The Bank of Greece, in cooperation with lenders, intends to set limits on mortgage amounts in relation to the commercial value of the property and the monthly instalment to be paid by new borrowers.
The limits will be more flexible for first-time buyers – those taking out a mortgage for the first time to buy a property – with the aim of making it easier for them to buy a property on credit.
According to Ekathimerini’s sources, the new limits for the housing market concern the amount of the loan that can be obtained, which cannot exceed 80% of the commercial value of the property, or 90% if it is a new buyer; and the instalments of the loan cannot exceed 40% of the disposable income, or 50% if it is a new buyer.
According to bank sources, the proposed measures will allow 10% of the total number of loans to be approved each year to exceed the above limits, provided that this is justified by the profile and financial situation of the prospective borrower.

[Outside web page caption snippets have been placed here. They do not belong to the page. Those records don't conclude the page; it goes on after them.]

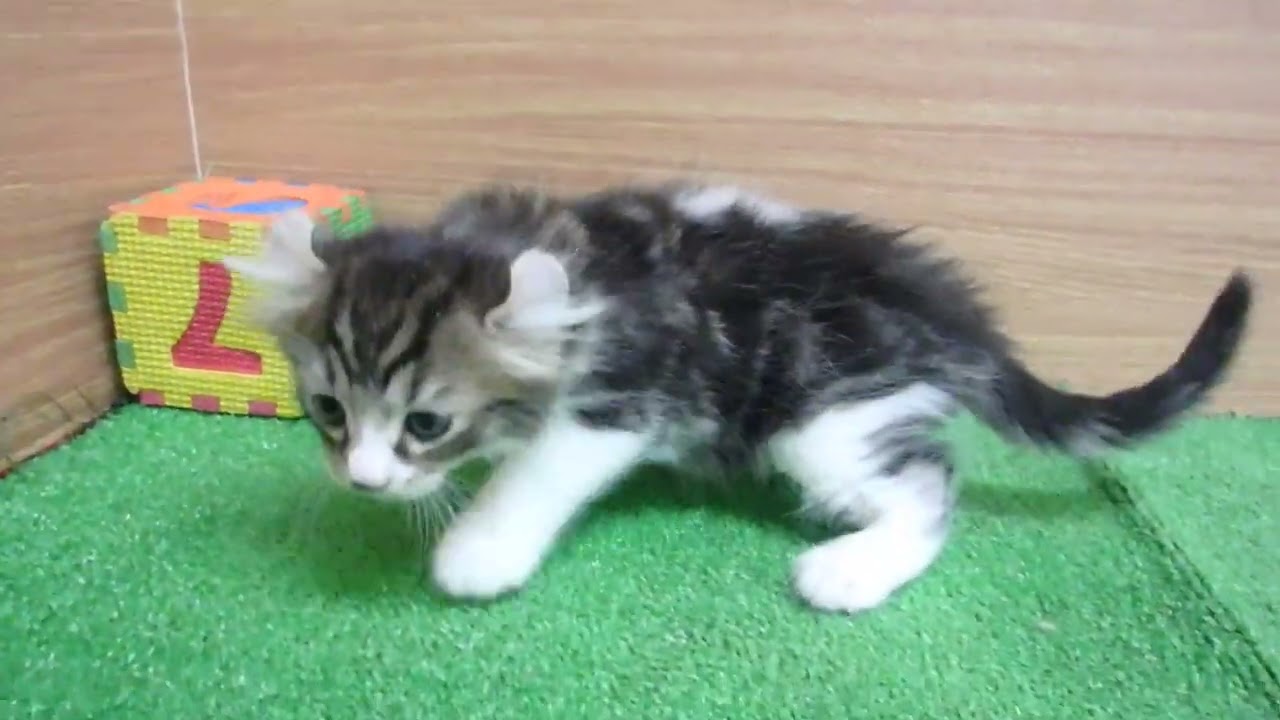 00582519 アメリカンカール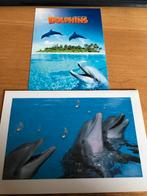 Dolfijnen, Ophalen of Verzenden, Voor 1920, Ongelopen, Paard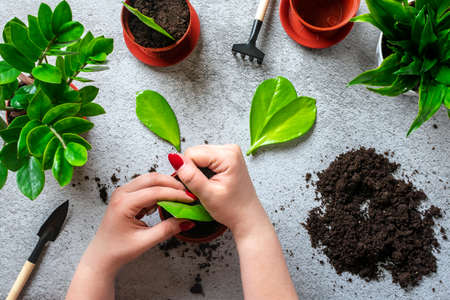 Woman's hands prepares plant for planting on concrete table Method of propagation by leaves of...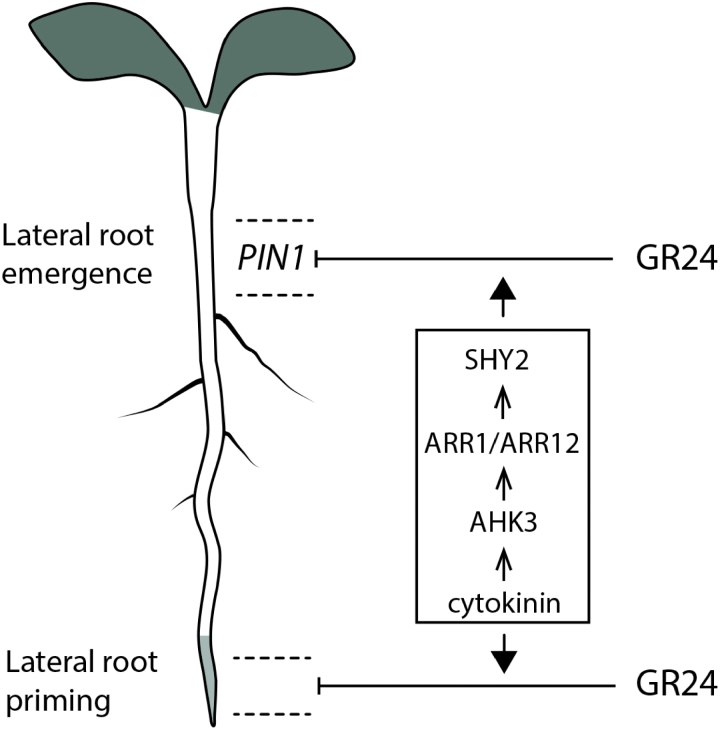 Fig. 5.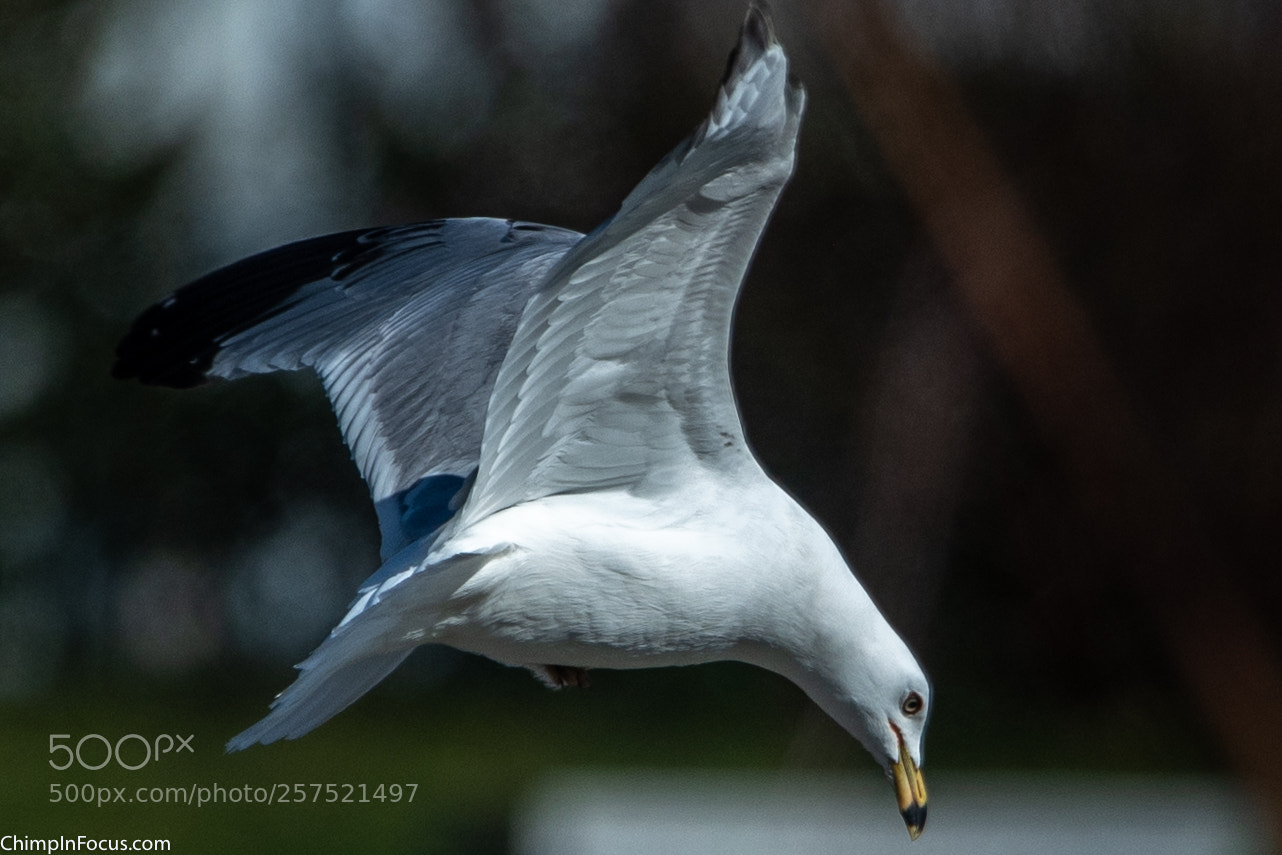 Nikon D500 sample photo. Gull in flight-06 photography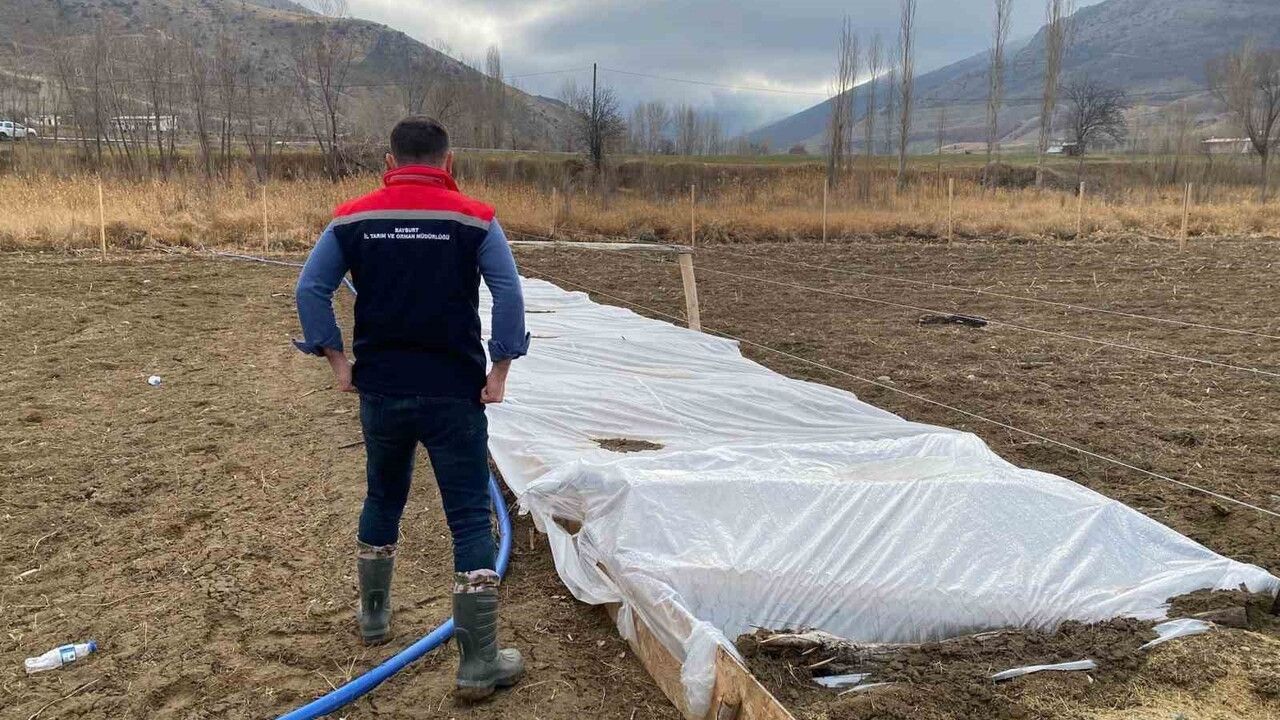 Bayburt’ta salep deneme ekimleri yerinde incelendi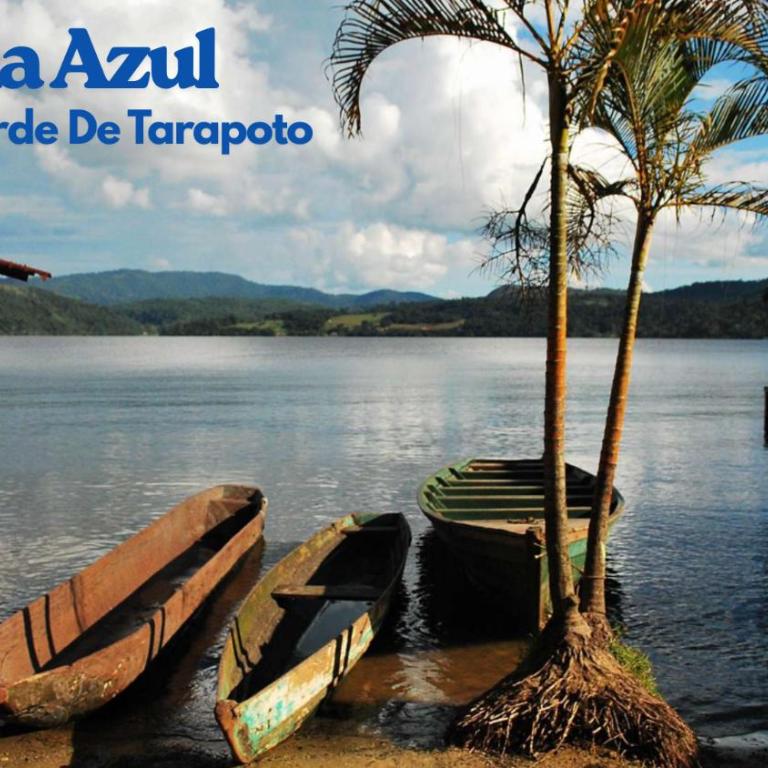 La Brisa Verde de Tarapoto - Three-Bedroom Villa - 20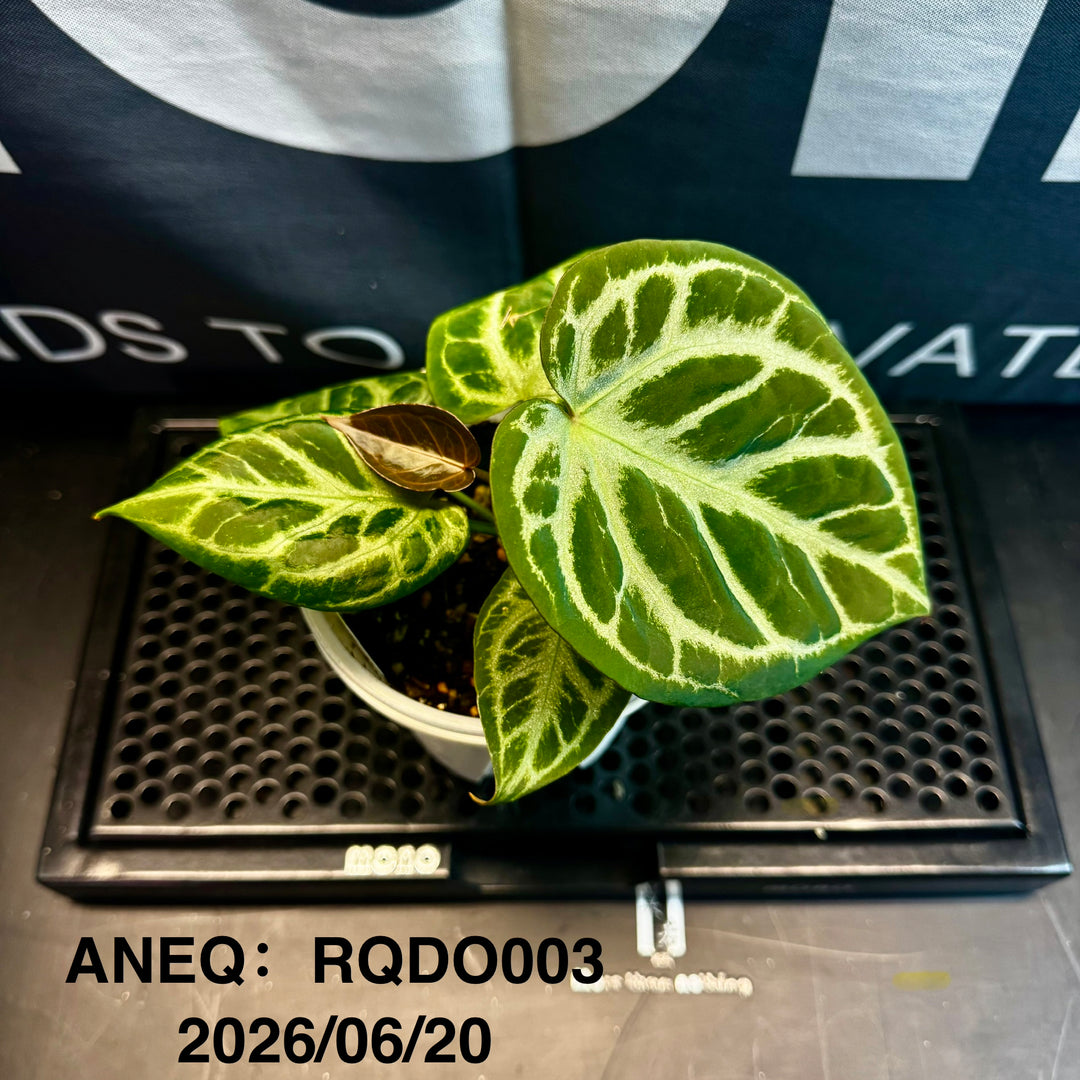 Anthurium by [Equator]【活性保持专栏】[ANEQ]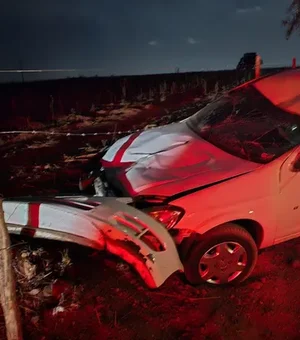 Cavalo solto na pista causa grave acidente na AL-115, em Arapiraca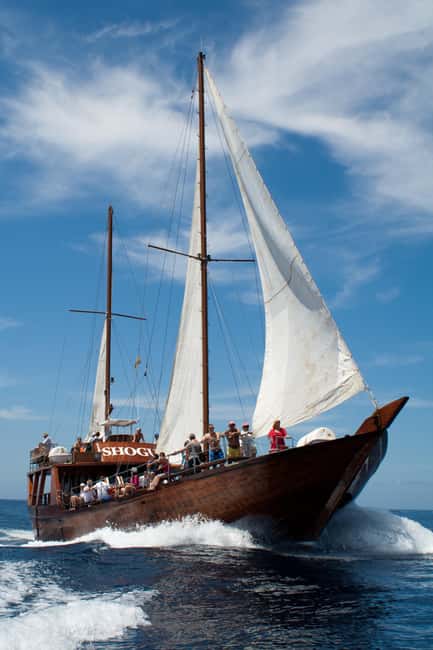 Tenerife: Whale & Dolphin Watching Cruise with Swim Stop - Who should book this cruise (and who should skip)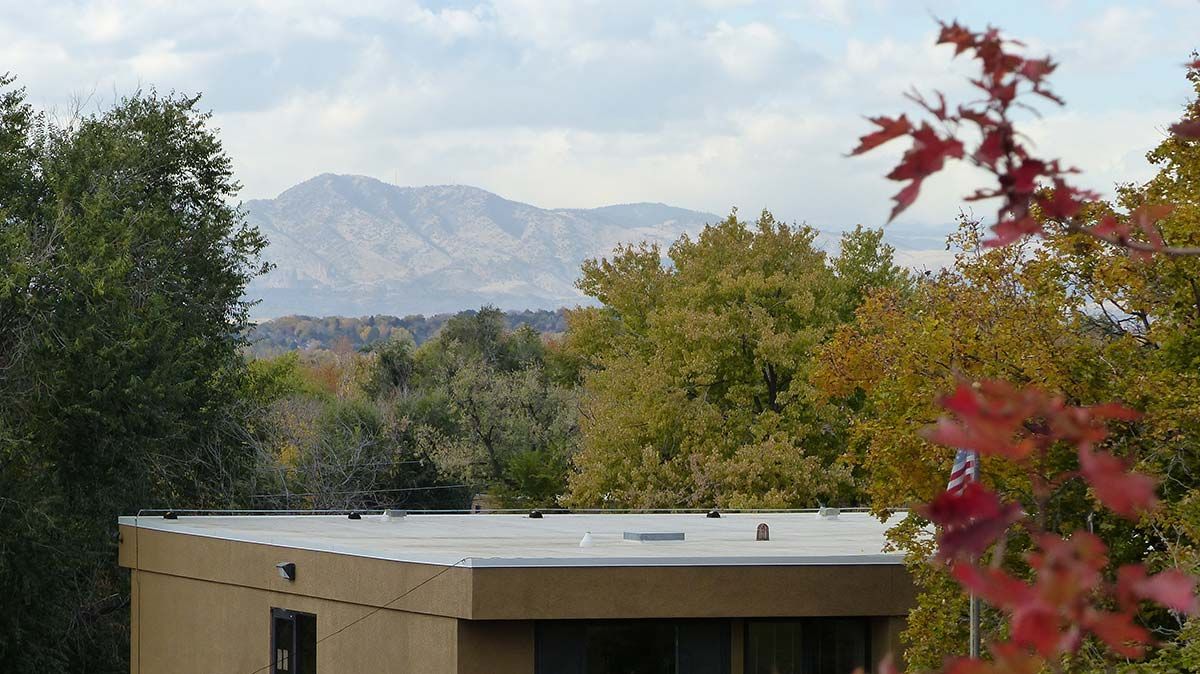 Distant mountains behind trees and a tan building, with red leaves in the foreground and cloudy sky.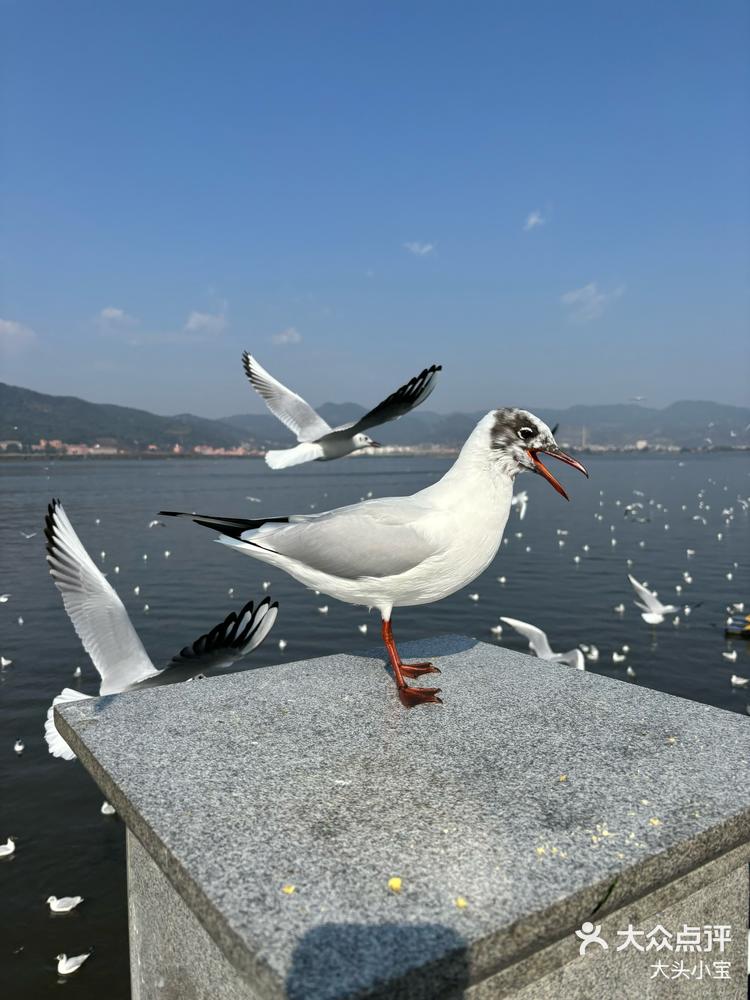 海埂大坝月份图片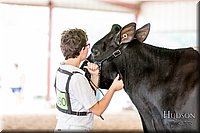 LCFAIR-081618-4757.jpg
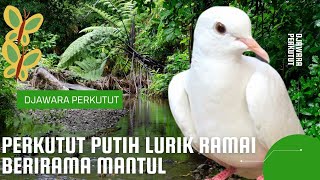 Download lagu Perkutut Putih Lurik Ramai Berirama Mantul - Pas Banget Suaranya Pancing Semua Perkutut mp3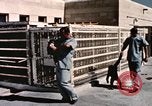 Immagine di Formazione di uno scimpanzé New Mexico United States USA, 1960, secondo 13 filmato di repertorio 65675065072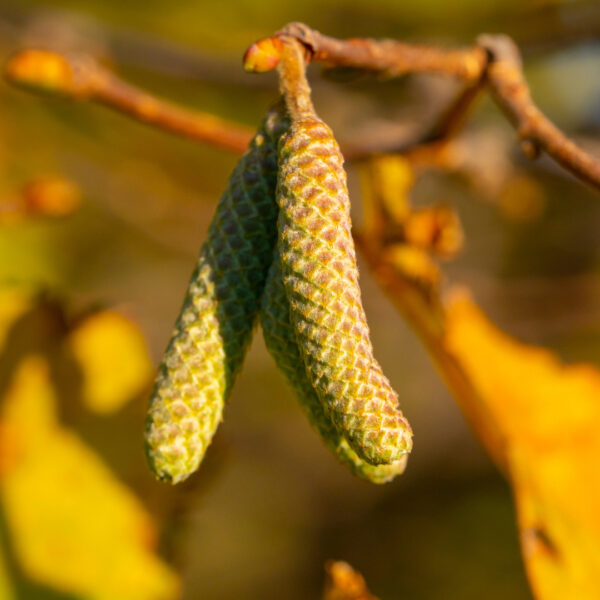 Birch Tree | Silver Birch Trees | Silver Birch Tree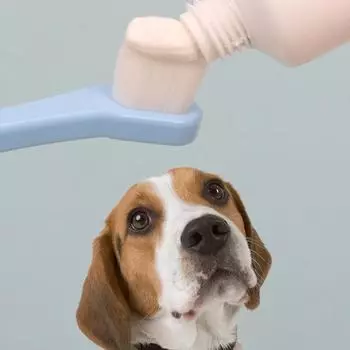 Зубная щетка для собак с маленькой головкой Зубная щетка для домашних животных Чистка зубов у собак Уход за полостью рта Зубные щетки с длинной ручкой Зубная щетка для кошек Товары для домашних животных оранжевый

The setting of limits on bank lending to the housing market is a measure used in most European countries and is expected to be introduced for the first time in this country.
Limiting the amount of the loan in relation to the value of the property will act as a buffer against a fall in commercial property prices that would jeopardise these loans, while the limit in relation to the average household’s cost of meeting housing needs will prevent over-borrowing.
The new limits will be “imposed” by a Bank of Greece decision to be issued in mid-March, and will be implemented from the beginning of 2025 to allow for the necessary adjustment by banks.
The measure will not overturn the lending policies of banks, which already apply similar rules to new loans they grant. According to disbursement data for 2023, 94% of the loans granted were for less than 80% of the value of the property.